## [Work to complete]
Look through the data below, and copy each line that carries the word "Wine".

[Short descriptive text snippets]

↓

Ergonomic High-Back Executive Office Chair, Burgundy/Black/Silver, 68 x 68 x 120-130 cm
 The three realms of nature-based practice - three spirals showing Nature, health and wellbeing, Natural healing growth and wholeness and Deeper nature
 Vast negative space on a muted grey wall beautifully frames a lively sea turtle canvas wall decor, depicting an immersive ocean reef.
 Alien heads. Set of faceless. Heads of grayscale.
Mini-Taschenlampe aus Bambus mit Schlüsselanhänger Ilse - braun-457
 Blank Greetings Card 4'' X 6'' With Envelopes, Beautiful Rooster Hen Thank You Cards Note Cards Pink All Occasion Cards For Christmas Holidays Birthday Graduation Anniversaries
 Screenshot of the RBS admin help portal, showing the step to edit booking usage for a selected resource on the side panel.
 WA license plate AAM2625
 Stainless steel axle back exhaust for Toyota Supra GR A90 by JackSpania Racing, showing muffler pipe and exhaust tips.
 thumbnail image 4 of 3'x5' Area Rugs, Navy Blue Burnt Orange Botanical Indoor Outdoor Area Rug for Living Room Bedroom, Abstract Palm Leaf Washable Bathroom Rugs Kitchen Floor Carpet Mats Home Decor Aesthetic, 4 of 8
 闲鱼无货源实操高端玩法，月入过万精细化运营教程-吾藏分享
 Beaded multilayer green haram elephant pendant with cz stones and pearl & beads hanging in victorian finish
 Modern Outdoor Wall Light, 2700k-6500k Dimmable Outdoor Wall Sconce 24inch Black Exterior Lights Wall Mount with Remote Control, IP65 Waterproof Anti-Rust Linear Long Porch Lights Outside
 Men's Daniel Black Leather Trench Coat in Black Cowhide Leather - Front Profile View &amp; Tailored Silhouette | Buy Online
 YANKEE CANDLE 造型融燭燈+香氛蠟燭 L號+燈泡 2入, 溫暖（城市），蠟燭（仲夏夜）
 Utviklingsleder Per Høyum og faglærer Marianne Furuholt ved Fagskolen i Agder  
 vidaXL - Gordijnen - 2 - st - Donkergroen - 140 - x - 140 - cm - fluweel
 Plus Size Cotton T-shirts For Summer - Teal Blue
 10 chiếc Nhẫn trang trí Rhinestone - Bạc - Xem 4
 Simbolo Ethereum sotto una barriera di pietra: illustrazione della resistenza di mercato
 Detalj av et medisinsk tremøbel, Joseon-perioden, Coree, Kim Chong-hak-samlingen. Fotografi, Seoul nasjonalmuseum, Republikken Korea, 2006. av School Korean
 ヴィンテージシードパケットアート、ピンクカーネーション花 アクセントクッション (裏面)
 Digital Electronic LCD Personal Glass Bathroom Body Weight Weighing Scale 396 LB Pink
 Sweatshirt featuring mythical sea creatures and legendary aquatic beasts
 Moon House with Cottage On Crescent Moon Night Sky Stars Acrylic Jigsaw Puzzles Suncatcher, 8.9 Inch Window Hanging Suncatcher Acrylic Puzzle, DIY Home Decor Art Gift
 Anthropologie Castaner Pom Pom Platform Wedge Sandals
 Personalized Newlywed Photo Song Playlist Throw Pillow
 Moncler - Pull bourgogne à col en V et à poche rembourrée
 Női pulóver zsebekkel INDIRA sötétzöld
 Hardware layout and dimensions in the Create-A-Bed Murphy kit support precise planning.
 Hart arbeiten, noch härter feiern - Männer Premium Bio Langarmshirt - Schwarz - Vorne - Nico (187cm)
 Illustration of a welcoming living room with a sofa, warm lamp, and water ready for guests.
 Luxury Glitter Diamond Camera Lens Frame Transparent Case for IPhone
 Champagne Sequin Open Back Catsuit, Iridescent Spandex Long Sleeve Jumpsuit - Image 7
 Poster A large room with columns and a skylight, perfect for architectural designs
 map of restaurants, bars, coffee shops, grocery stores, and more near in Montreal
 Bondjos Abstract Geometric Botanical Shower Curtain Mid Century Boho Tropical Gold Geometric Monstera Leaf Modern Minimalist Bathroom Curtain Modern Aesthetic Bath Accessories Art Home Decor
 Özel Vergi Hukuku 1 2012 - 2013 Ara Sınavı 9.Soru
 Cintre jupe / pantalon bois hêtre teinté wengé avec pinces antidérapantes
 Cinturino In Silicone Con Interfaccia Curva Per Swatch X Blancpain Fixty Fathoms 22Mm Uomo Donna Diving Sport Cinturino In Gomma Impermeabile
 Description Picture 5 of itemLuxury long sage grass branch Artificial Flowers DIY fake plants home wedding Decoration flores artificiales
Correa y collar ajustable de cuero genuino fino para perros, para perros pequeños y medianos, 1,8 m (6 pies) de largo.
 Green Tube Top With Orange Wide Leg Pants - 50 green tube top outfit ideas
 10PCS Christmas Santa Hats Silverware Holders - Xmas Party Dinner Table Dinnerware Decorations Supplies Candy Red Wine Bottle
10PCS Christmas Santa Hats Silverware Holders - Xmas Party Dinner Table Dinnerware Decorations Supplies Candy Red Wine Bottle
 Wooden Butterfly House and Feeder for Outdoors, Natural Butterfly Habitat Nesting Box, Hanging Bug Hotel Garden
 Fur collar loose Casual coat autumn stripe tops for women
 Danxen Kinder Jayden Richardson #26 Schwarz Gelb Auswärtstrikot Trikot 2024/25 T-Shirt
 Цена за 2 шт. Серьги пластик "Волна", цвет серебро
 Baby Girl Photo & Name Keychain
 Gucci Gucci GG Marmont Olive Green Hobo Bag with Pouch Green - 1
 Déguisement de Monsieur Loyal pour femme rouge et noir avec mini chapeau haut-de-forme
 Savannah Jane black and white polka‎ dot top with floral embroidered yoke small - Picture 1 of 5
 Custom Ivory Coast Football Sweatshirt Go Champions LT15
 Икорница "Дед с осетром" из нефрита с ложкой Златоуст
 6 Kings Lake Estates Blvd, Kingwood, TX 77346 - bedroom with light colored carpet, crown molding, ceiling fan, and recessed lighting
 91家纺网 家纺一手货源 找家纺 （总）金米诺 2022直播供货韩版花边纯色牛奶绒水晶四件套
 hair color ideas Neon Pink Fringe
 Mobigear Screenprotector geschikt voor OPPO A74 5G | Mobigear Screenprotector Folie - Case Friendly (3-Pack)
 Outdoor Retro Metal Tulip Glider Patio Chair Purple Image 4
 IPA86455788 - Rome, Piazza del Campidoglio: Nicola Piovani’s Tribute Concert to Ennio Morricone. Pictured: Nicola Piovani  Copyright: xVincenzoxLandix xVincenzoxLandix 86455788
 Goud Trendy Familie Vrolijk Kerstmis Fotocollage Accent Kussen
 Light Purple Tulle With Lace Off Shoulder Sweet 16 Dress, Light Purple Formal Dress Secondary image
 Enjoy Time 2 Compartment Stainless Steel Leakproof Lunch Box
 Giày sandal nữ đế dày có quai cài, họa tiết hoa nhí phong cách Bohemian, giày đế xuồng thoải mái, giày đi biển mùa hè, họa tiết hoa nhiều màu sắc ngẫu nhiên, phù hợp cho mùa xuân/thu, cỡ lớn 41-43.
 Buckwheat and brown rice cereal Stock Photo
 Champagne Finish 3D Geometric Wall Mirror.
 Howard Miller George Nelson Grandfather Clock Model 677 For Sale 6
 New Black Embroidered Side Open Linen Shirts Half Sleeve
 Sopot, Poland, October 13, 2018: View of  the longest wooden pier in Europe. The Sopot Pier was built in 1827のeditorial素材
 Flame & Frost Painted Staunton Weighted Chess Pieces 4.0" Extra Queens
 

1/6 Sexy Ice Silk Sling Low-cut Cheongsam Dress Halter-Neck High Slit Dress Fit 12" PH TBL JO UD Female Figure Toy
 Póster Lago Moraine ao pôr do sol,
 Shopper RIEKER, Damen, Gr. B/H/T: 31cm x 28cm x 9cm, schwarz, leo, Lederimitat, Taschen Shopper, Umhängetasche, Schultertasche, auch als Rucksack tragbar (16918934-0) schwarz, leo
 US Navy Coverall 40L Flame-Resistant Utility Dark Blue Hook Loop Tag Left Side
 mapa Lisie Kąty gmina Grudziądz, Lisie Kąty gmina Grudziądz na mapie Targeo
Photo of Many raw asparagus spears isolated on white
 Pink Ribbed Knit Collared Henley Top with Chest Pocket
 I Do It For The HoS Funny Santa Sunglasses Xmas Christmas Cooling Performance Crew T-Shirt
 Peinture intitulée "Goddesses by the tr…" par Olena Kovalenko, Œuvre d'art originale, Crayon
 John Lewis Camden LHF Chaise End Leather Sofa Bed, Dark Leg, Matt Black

↑

## [Task result]
 10PCS Christmas Santa Hats Silverware Holders - Xmas Party Dinner Table Dinnerware Decorations Supplies Candy Red Wine Bottle
10PCS Christmas Santa Hats Silverware Holders - Xmas Party Dinner Table Dinnerware Decorations Supplies Candy Red Wine Bottle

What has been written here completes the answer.